The Visualization Engine is the entry point for each user: it allows exploring data in different ways through a web interface. Each user can create one or more projects and within each project it is possible to create one or more layers over each city. Each layer consists of a set of selected sources, filters, and a visualization style. The user can easily configure all these parameters to customize each layer for their needs.
Filters and sources can be configured to:
• Specify the current data source
• Filter UGC by time in an aggregated or non-aggregated way
• Filter by languages
• Filter by sentiments
• Filter by emotions
Each layer can be configured with one of the following visualization style:
• Point cloud (simple visualization of each UGC with its own geographical coordinate)
• Height map (aggregated visualization that count the about of data for each cell formed by a grid configured by the user.
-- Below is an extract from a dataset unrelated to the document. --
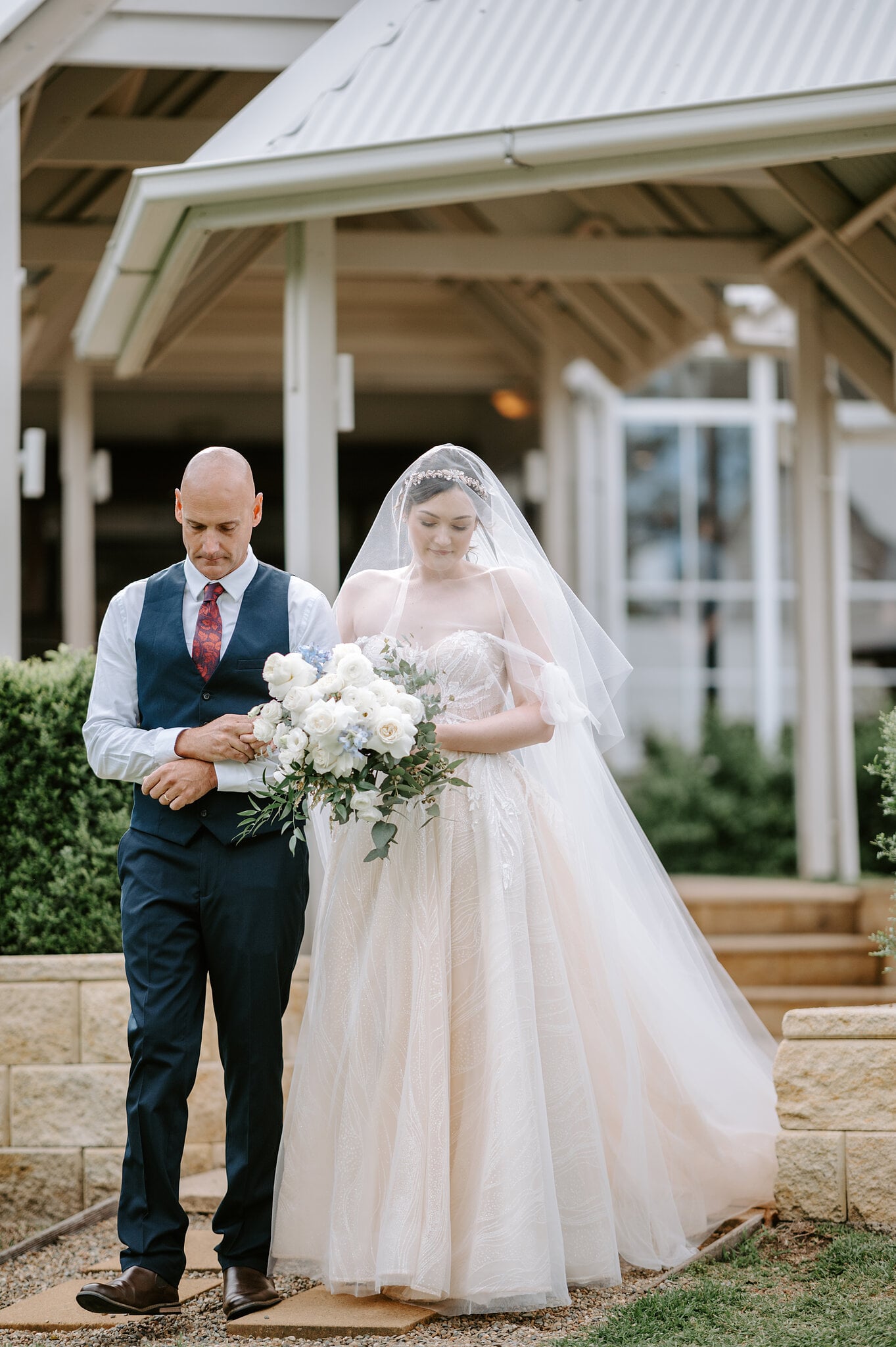 Jamie comes down the sandstone steps beside the pavilion on her dad’s arm, her veil over her face.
The height of each cell is in relation with the total count of the UGC inside the relative grid cell)
• Height box map (similar to the height map, but it is displayed as a grid of rectangular boxes where their height is equal to the total amount of UGC inside its cell)
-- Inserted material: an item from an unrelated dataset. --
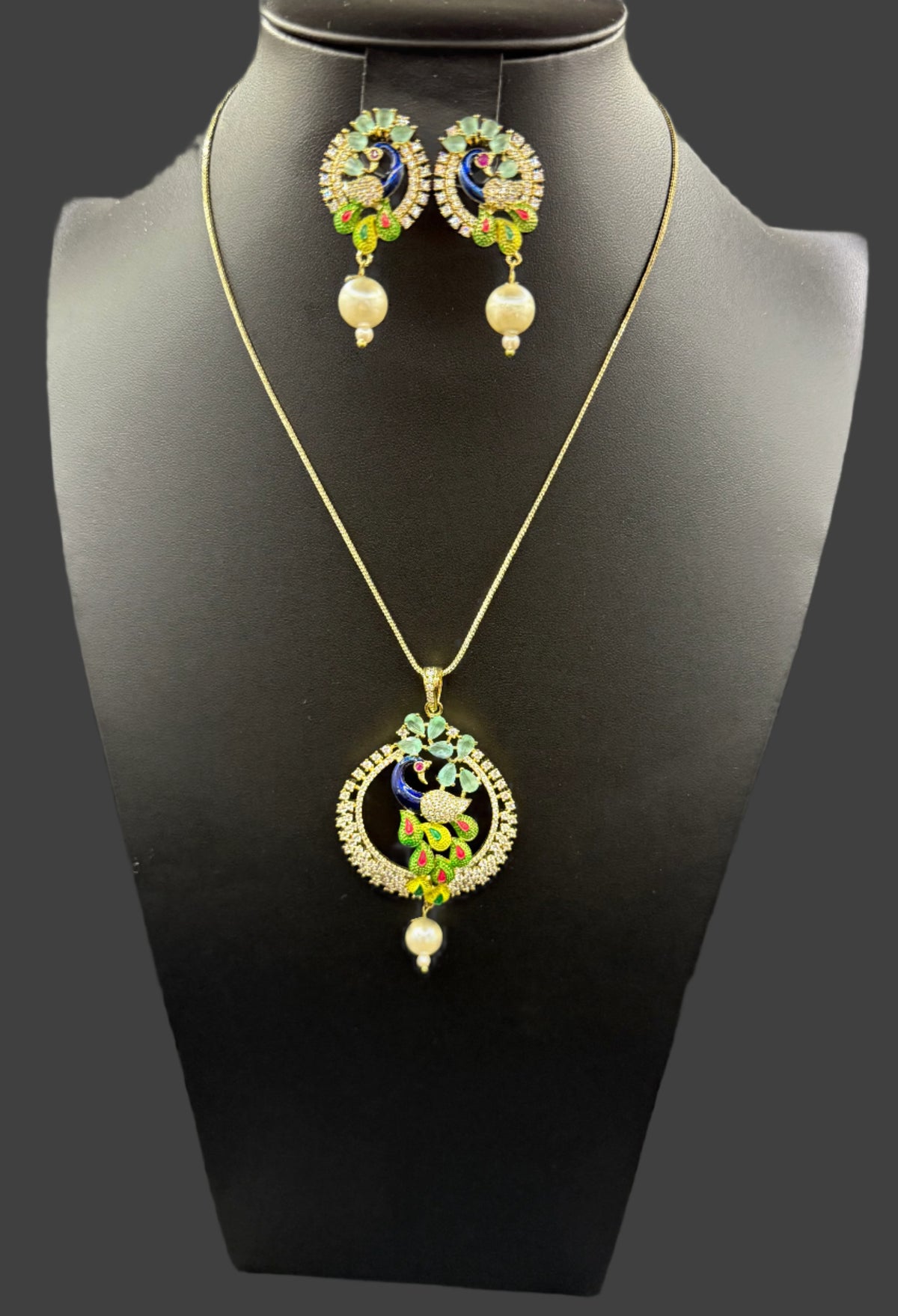 Peacock Pendants Set with earrings | Peacock sitting on swing– Famaza Couture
• Height sphere map (similar to height map, but display spheres with an elevation and a radius equal to the total amount of UGC inside its cell)
• Direction map (the area is divided in a grid. For each cell an arrow describe the density, the speed and the direction of the people that moves from that cell)
• Line path (shows the path of movement for each single user)
Each visualization style can be customized as follows:
• Point cloud: a colour and alpha value can be set to the points
• Height map, height box map, height sphere map: the user can select a linear gradient with 3 stop colours and relative alpha values. It’s possible to specify also a discrete gradient, that is very useful to display the height-map as iso-lines. The user can configure the grid dimension with a slider
• Direction map: the user can change the colour and general alpha of the arrows, together with the possibility to change the grid dimension
• Line path: the user can change the linear gradient scale with 3 step colour that is used to depict each user path
Each visualization style can be configured to act as a one-shot visualization (all the data of a given time interval) or time aggregated visualization (the visualization smoothly morph from a state to another based on timestamps). Each layer that is configured to be a time aggregated visualization provides a slider and a playback control. The user can use the slider and the playback control to move through time.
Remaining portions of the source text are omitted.